● **ACTIVITY**
I need the lines below from the one with "Load image into" down to the one with "Dopo l'attacco alla" reproduced exactly, both ends included, and nothing else.

● **DATA EXTRACTS**
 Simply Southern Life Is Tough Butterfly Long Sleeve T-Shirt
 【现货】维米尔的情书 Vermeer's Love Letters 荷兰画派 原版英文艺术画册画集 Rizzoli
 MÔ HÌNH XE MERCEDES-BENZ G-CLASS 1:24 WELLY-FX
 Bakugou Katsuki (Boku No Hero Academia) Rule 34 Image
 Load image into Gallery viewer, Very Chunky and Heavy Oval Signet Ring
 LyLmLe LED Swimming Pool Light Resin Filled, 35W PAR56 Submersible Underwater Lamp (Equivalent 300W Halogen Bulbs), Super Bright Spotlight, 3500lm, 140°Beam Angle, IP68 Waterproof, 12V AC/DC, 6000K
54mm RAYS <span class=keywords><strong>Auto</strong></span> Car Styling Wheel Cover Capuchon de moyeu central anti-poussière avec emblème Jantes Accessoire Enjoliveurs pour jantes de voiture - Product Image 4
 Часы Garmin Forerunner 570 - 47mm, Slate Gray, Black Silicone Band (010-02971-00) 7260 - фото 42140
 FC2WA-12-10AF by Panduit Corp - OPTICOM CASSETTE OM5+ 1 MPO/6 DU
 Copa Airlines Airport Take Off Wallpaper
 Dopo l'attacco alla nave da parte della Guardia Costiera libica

---

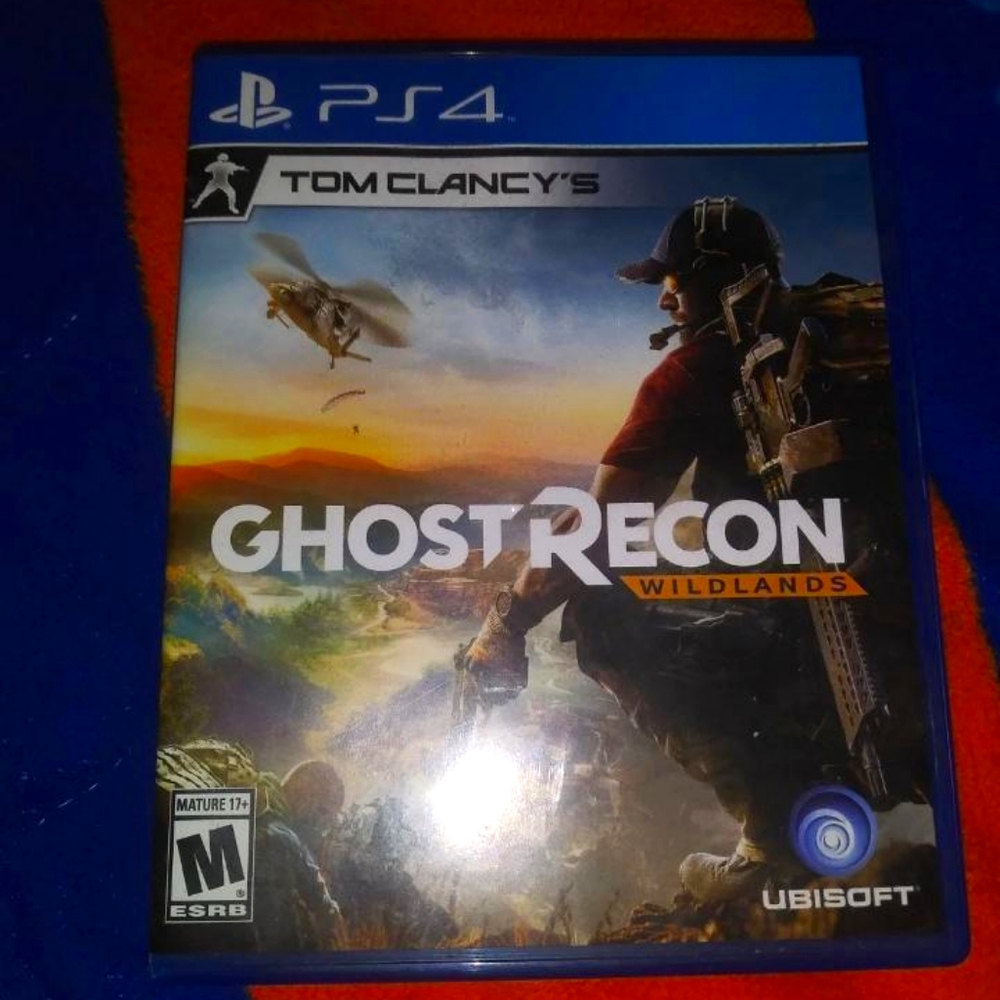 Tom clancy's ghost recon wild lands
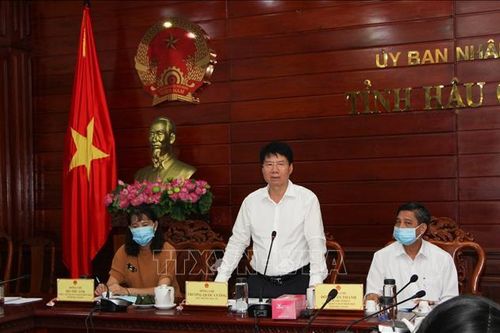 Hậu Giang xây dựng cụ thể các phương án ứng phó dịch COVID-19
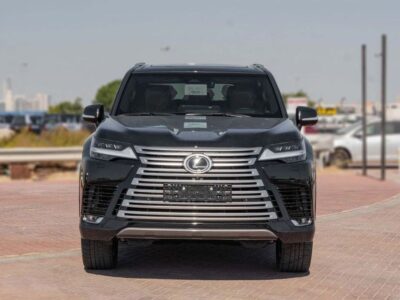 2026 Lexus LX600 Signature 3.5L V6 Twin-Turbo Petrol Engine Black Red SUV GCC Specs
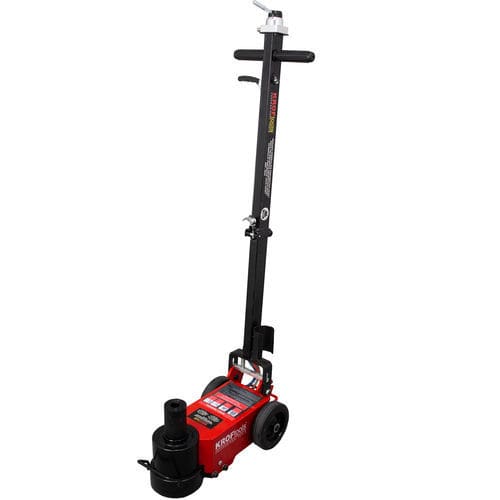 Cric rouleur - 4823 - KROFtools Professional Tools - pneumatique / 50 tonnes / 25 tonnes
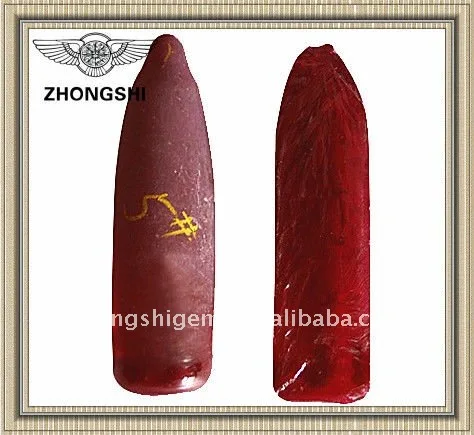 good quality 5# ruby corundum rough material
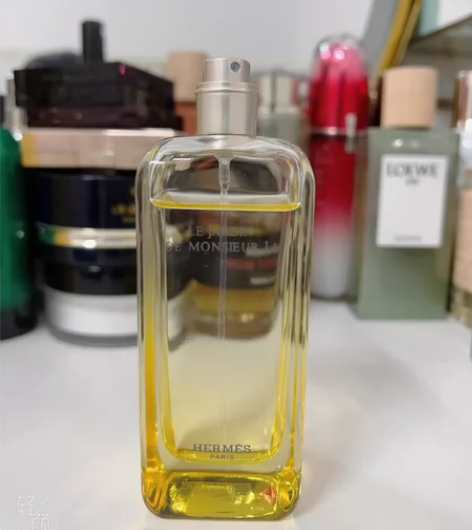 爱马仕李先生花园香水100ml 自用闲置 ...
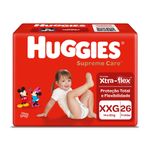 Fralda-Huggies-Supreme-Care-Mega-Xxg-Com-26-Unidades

● **OUTPUT OF THE TASK**
 Load image into Gallery viewer, Very Chunky and Heavy Oval Signet Ring
 LyLmLe LED Swimming Pool Light Resin Filled, 35W PAR56 Submersible Underwater Lamp (Equivalent 300W Halogen Bulbs), Super Bright Spotlight, 3500lm, 140°Beam Angle, IP68 Waterproof, 12V AC/DC, 6000K
54mm RAYS <span class=keywords><strong>Auto</strong></span> Car Styling Wheel Cover Capuchon de moyeu central anti-poussière avec emblème Jantes Accessoire Enjoliveurs pour jantes de voiture - Product Image 4
 Часы Garmin Forerunner 570 - 47mm, Slate Gray, Black Silicone Band (010-02971-00) 7260 - фото 42140
 FC2WA-12-10AF by Panduit Corp - OPTICOM CASSETTE OM5+ 1 MPO/6 DU
 Copa Airlines Airport Take Off Wallpaper
 Dopo l'attacco alla nave da parte della Guardia Costiera libica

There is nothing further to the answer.